Rutschman opens 2023 with an O's Opening Day record
25-year-old catcher goes 5-for-5 with four RBIs in Baltimore's win over Boston
BOSTON -- Heading into his first big league Opening Day, Adley Rutschman knew he’d feel a bit nervous because of the pageantry that accompanies the most special day on the baseball calendar. Especially because he’d be taking in the festivities at Fenway Park, the oldest ballpark still being used in MLB, having been the home of the Red Sox since 1912.
Rutschman just hoped those jitters would hold off until he arrived at the park Thursday.
No such luck for the Orioles’ catcher.
“I woke up this morning, and I felt it,” Rutschman said. “I was like, ‘Gosh.’”
By the time Rutschman was in the on-deck circle for the game’s first pitch, he was relaxed. Then, he put on one of the best Opening Day performances in Baltimore’s illustrious history.
Rutschman homered, went 5-for-5, walked once and set new career highs in hits and RBIs (four) as the Orioles opened the 2023 season with a 10-9 win over the Red Sox. Since at least 1901, no catcher had recorded five hits or gotten on base six times in a season-opening game.
No O’s player had achieved either of those feats on Opening Day since the franchise relocated to Baltimore in 1954.
“There have been a lot of great players that have worn this uniform,” manager Brandon Hyde said. “It’s not going to be the only time you’re going to say that about Adley. He’s going to be doing other things that are going to be firsts as well, because he’s just a super special player, a really good hitter. And he hasn’t even played a full year yet.”

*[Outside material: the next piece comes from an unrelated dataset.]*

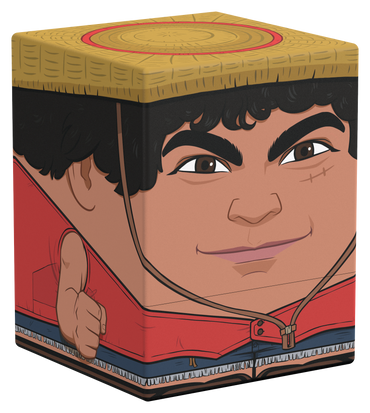 Squaroes Deck Box: Monkey D. Luffy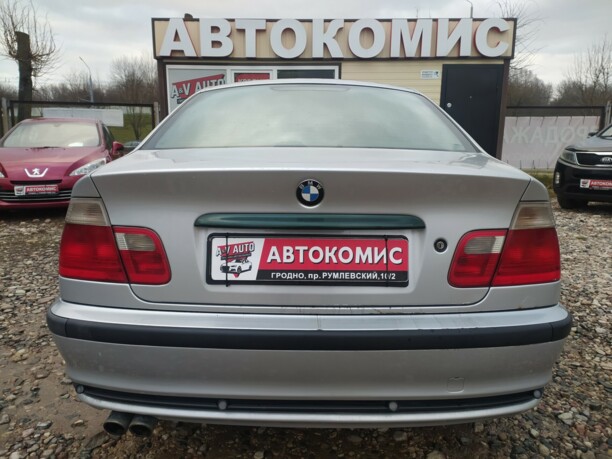 BMW 3 серия E46, 2002 г.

The historical context of Rutschman’s performance runs deep. According to ESPN Stats & Info, he was the first player to go 5-for-5 (or better) with four RBIs on Opening Day. He’s only the third to go 5-for-5 with multiple RBIs (since the stat became official in 1920) in a season opener, joining a pair of Hall of Famers in Billy Herman ('36) and Babe Ruth ('21).
Rutschman’s huge day began on his first swing of the season. He deposited Red Sox starter Corey Kluber’s eighth pitch of the game a Statcast-projected 402 feet over the right-field wall. By clobbering Kluber’s 2-0 sinker for a first-inning solo shot, Rutschman became the first Orioles player to go deep in his first career Opening Day at-bat since Sam Horn on April 9, 1990.
In the third, Rutschman singled. In the fourth, he walked. Then, he contributed to Baltimore’s three-run rally in the fifth with a two-run single. Rutschman added an RBI single in the seventh, before capping his performance with an infield single in the ninth.
While Rutschman’s home run was a jolt to right field on a ball he barreled, each of his four singles was hit the opposite way toward left field.
“I try and take each AB as it comes, and try and give my best effort on that AB,” Rutschman said. “Whether I’m 0-for-5 or 5-for-5, the next AB is the most important one.”
So it ended up being quite a memorable first Opening Day for Rutschman, the 2022 American League Rookie of the Year Award runner-up who burst onto the big league scene last May 21 and quickly cemented himself among baseball’s rising stars.
Rutschman warmed up Orioles starter Kyle Gibson in the visitors' bullpen and stood there to take in the national anthem as their teammates lined up along the third-base line. He watched the giant American flag get draped over the Green Monster in left field, then the pregame flyover that occurred shortly after.
A little more than three hours later, Rutschman enjoyed the game’s thrilling conclusion. After the Red Sox scored three runs in the eighth and two more in the ninth to cut their deficit to one run, Félix Bautista struck out Adam Duvall swinging for the final out, securing an O’s victory. Rutschman then jogged to the mound, sporting a wide grin, and gave Bautista a celebratory hug.
Rutschman compared the experience to his final season opener with Oregon State in 2019, when the Beavers began the year at Surprise Stadium in Arizona in front of 1,947 fans. It wasn’t anything like Thursday, when 36,049 fans were packed into the seats at vaunted Fenway.
“This definitely blows that out of the water,” Rutschman said. “To have that close game in the ninth inning and the crowd getting so loud, you kind of sit there and you’re like, ‘OK, this is pretty cool.’”
Now, it’s on to game No. 2 of 162. And as Opening Day showed, Year No. 2 of Rutschman’s MLB career could be special. It may turn out that way for the Orioles, too.
When Rutschman thinks back to his first big league opener, he’ll remember his pregame nervousness and, of course, his phenomenal performance. But the talented catcher, known as a true team-first guy, may recall something else first.
“It’s crazy. First Opening Day, being able to come out here -- like I said, the hits are awesome,” Rutschman said. “But the winning, for me, is more important.”